Hardcover Fiction:
1. Violeta, by Isabel Allende
2. The Runaway, by Nick Petrie
3. Devil House, by John Darnielle
4. The Lincoln Highway, by Amor Towles
5. The Maid, by Nita Prose
6. To Paradise, by Hanya Yanagihara
7. The Sentence, by Louise Erdrich
8. Klara and the Sun, by Kazuo Ishiguro
9. The Promise, by Damon Galgut
10. Call Us What We Carry, by Amanda Gorman
Our top new release this week is Violeta, the latest novel by Isabel Allende, inspired by her Mother. She spoke to Gisela Salomon for Associated Press: "The original idea for the book arose after the death of Allende’s mother. Knowing that the two had had a very close relationship and got to exchange thousands of daily letters, some of Allende’s friends suggested that she write a book about her mother’s life. The novelist was still too emotional to see her mother with the needed distance to write about her. Months passed and, when she felt stronger, she began Violeta inspired by her mother, but with a marked difference: The protagonist is a woman who supports herself and a good part of her family with her businesses."
Thank you to Books & Books for coordinating Saturday's ticketed event.
Hardcover Nonfiction:
1. How to Be Perfect, by Michael Schur
2. Atlas of the Heart, by Brené Brown
3. The 1619 Project, created by Nikole Hannah-Jones and The New York Times
4. Home in the World, by Amartya Sen
5. You Don't Know Us Negroes and Other Essays, by Zora Neale Hurston
6. South to America, by Imani Perry
7. Stuff Every Tea Lover Should Know, by Candace Rardon
8. The Lyrics, by Paul McCartney
9. Milk Street Vegetables, by Christopher Kimball
10. The Baseball 100, by Joe Posnanski
Is it possible that there isn't another collection of Zora Neale Hurston's essays, articles, and criticism? According to the publisher, You Don't Know Us Negroes and Other Essays, edited by Genevieve West and Henry Louis Gates Jr, is it. From Trudier Harris in The New York Times: "In just over 400 pages of essays - some previously published, others appearing here for the first time - readers get to peruse Hurston’s evaluations of just about everything imaginable: jazz, vote peddling, religious conversion, romantic relationships, international travel, the slave trade, Black vernacular, fake leaders, HBCUs, visual art, noses, other authors like Fannie Hurst and Robert Tallant, folklore, hoodoo, and race relations in the South during and after Jim Crow."
Paperback Fiction:
1. Shady Hollow, by Juneau Black (watch the Boswell event here)

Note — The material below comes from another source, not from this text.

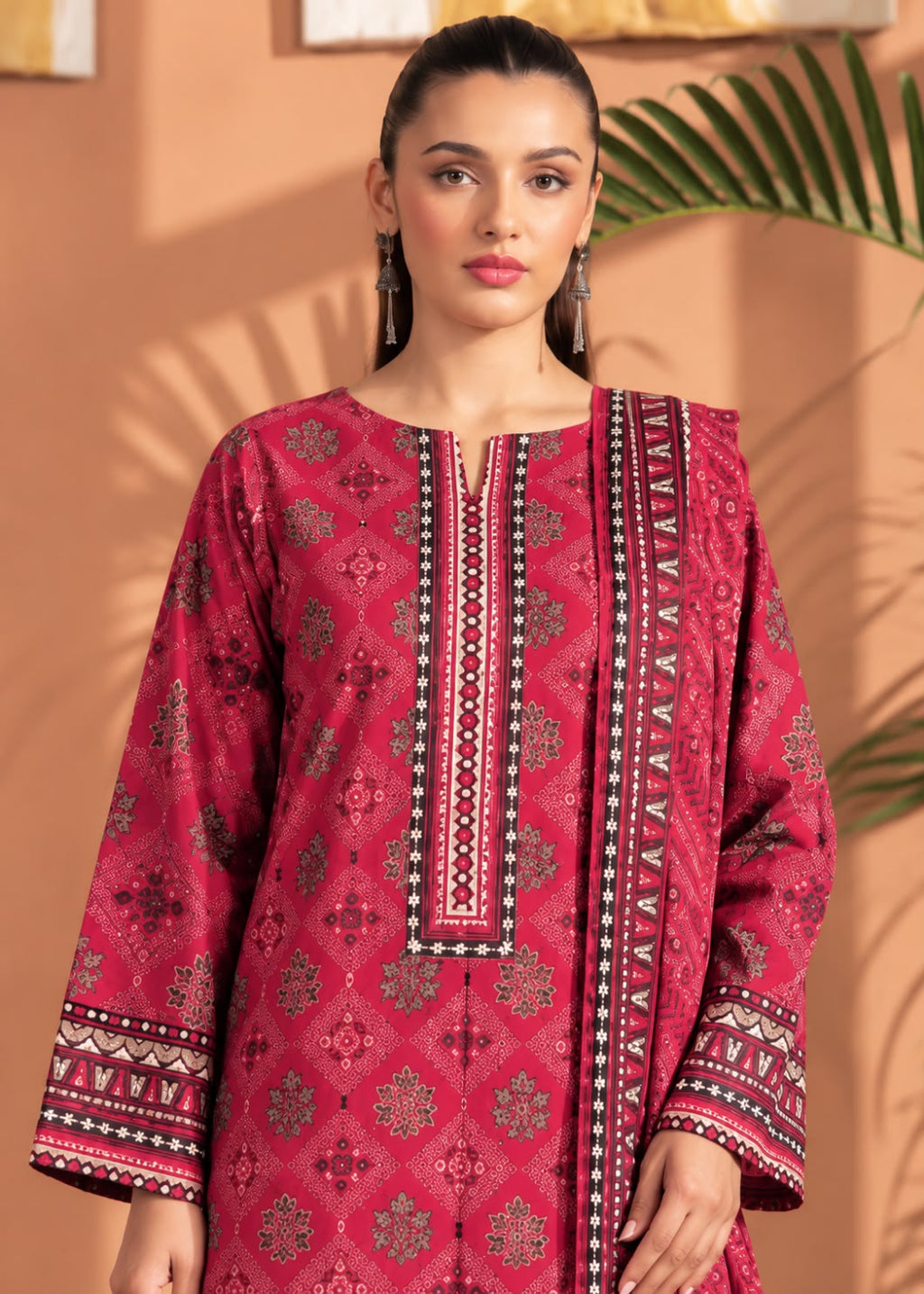 A woman modeling a traditional Indian salwar kameez set in a warm studio setting. The outfit is a deep magenta pink with intricate gold and black geometric patterns and border embroidery.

2. The Five Wounds, by Kirstin Valdez Quade
3. Do I Know You? by Sarah Strohmeyer
4. The Drifter, by Nick Petrie
5. How to Stop Time, by Matt Haig
6. Slaughterhouse Five, by Kurt Vonnegut
7. It Ends with Us, by Colleen Hoover
8. The Glass Hotel, by Emily St John Mandel (Info on April's MPL Literary Lunch here)
9. The People We Meet on Vacation, by Emily Henry
10. Interior Chinatown, by Charles Yu
We had a nice first week of sales for the amazing debut novel from Kirstin Valdez Quade, The Five Wounds, due in part to one of the book clubs we work with picking it as a reading selection. I am ashamed of myself for not going back and reading her story collection, Night at the Fiesta. The book was also recently named a finalist for the PEN/Hemingway debut novel award, but the competition is fierce. The other nominees are Burnt Sugar by Avni Doshi, Dear Miss Metropolitan, by Carolyn Ferrel, The Love Songs of W.E.B. Du Bois, by Honorée Fanonne Jeffers, and Detransition, Baby, by Torrey Peters. More at Publishers Weekly.
Paperback Nonfiction:
1. Permission to Feel, by Marc Brackett
2. Seeing with the Eyes of Dhamma, by Buddhadasa Bhikkhu
3. Maus I, by Art Spiegelman
4. Maus II, by Art Spiegelman
5. The Body Keeps the Score, by Bessel van der Kolk
6. The Electricity of Every Living Thing, by Katherine May (Register for Feb 16 event here)
7. Tacky, by Rax King
8. Field Guide to Dumb Birds of the Whole Stupid World, by Matt Kracht
9. Making a Good Script Great, by Linda Seger
10. Selma of the North, by Patrick D Jones
You've seen the news that Maus (the link is to volume I, which you should read first) has been pulled from a Tennessee school district. I was involved for the purchases, so I'm not sure that this was directly connected to our book sales. But I want to contest the books being called graphic novels. Yes, Art Spiegelman drew the characters as mice and cats. But the text is a memoir, isn't it? That's why our copies are coded nonfiction - feel free to argue this! Joe Hernandez wrote more for the story on NPR.
Books for Kids:
1. Chez Bob, by Bob Shea
2. Just Help, by Sonia Sotomayor, illustrations by Angela Dominguez
3. Anatomy: A Love Story, by Dana Schwartz
4. Unspeakable: The Tulsa Race Massacre, by Carole Boston Weatherford.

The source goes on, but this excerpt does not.